Back before the Internet (yes, I’m that old), we learned our own methods of critical reading, maybe from laughing at the photographs of aliens on the front ages of the “newspapers” in the checkout line of the grocery store. The Facebook of the time was the local bar or cafe, and all news was hardcopy.
Now, we all Share and Like and may over-share in order to network online, and we can click and send something without thinking. Or thinking enough at all.
How do we tell what’s fake? If it’s too good or too weird to be true, it probably is. That’s always been true. But mostly practice good judgment, which is always a good thing on the Internet, because with fake news and scams and phishing and malware, it’s still the wild west.
There is a great Web site – Snopes.com – that comes to the rescue in this brave new world of fake news. Snopes covers the complicated stories behind hundreds of “urban legends” and rumors from politics, movies, religion, and more. And they reveal the facts with extensive research and a seriously good reputation developed over 20 years.
When I wrote this column, the top story was titled “Justin Trudeau Is Fidel Castro’s Love Child”, but other stories were serious, concerning congressional districting gerrymandering, Standing Rock and the 25th Amendment.

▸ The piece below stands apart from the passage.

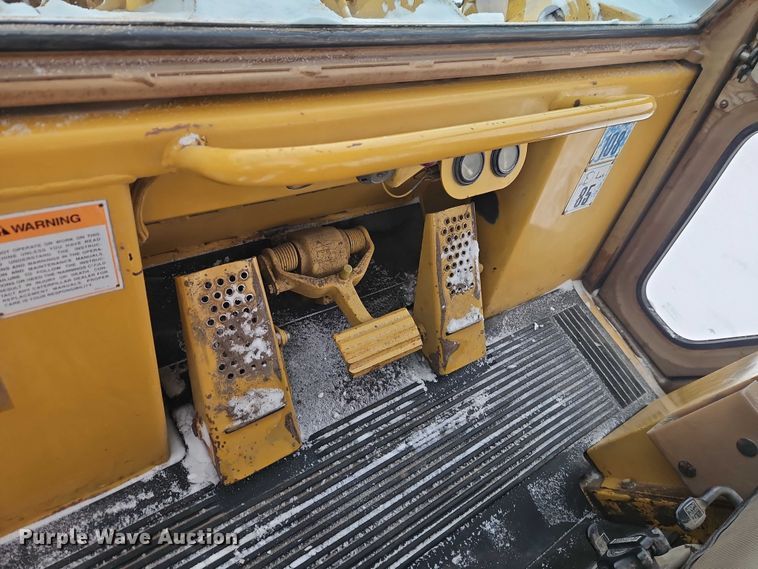 image for item EO4864 1991 Caterpillar 963 track loader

Snopes has sections called the 25 Hottest Urban Legends, a “Send a Rumor” link, a Glossary, a 20 year archive and a forum for breaking stories and discussions.
David and Barbara Mikkelson – the people behind Snopes.com – have an extensive “About Us” section that describes their work and their backgrounds. They’ve both been vetted by the major news organizations as well as journalists and folklorists, too.
They even have had to debunk myths about themselves (no surprise) about their funding: they have always been “completely independent, self-sufficient entity wholly owned by its operators and funded through advertising revenues.” And they both have no political affiliations other than voting.
Snopes is particularly busy these days dealing with fake news. And yes, Snopes is on Facebook. Snopes has even handled storied about fake news on Facebook, and fake news about Facebook itself, too.
One can spend hours on Snopes reading about the elements of the truth that are mixed in with the tall tales and fake news. And if you search for “montana”, you’ll find 50 or so rumor results ranging from guns, wildfires, beef, bars, and Hannah Montana, and you’ll also find the facts behind those rumors.